But clearly on the chamber Buffalo 7.65
 
Spain had very loose copyright laws, so Spanish gun makers made copies of a lot of successful guns. Browning and Colt semi-autos, as well as Colt and S&W revolvers were very popular subjects. Quality varied from very good, to very bad.

During WW1 Spanish gun makers churned out thousands (estimates between 500,000-1 million) of Browning clones, mostly in 7.65mm (32ACP), as a group they are called Ruby pistols. After the Spanish Civil War the government reined in gun manufacture and the dozens of small manufactures closed up shop or consolidated basically leaving Astra, Star and Llama.
 
Looks a rare bird, only made for six years.


Bufalo and Danton​

In 1919, Gabilondo introduced the Bufalo, a pistol inspired by the Browning designed FN model 1910. While resembling the 1910 closely externally, the mechanism had some features carried over from the Browning model 1903. The striker was replaced with a concealed hammer, and in those models fitted with a grip safety, the Browning design was replaced with a native design patented in Spain. The Bufalo was manufactured in 7.65 mm/.32 ACP, and 9 mm corto/.380 ACP with seven-, nine-, and twelve-round removable magazines.

For the first time a Spanish product appears to have inspired copies by foreign makers, in the form of the FN Model 1910/22 supplied to the Yugoslavian military, to replace worn out, nine shot Ruby-types supplied during the war.

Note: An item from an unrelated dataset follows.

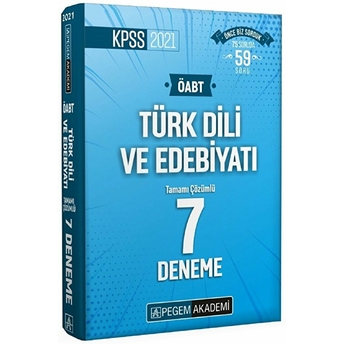 2021 Kpss Öabt Türk Dili Ve Edebiyatı Tamamı Çözümlü 7 Deneme Kolektif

The Danton, introduced in 1925 to replace the Bufalo, was very similar but also available in 6.35 mm/.25 ACP calibre. Despite being marked "War Model" and being fitted with a lanyard ring, these pistols attracted no official military sales, but were popular private-purchase and police weapons. Both guns were a great success, with one exporter alone shipping 100 pistols a day to the US. Production of the Danton was stopped in 1933.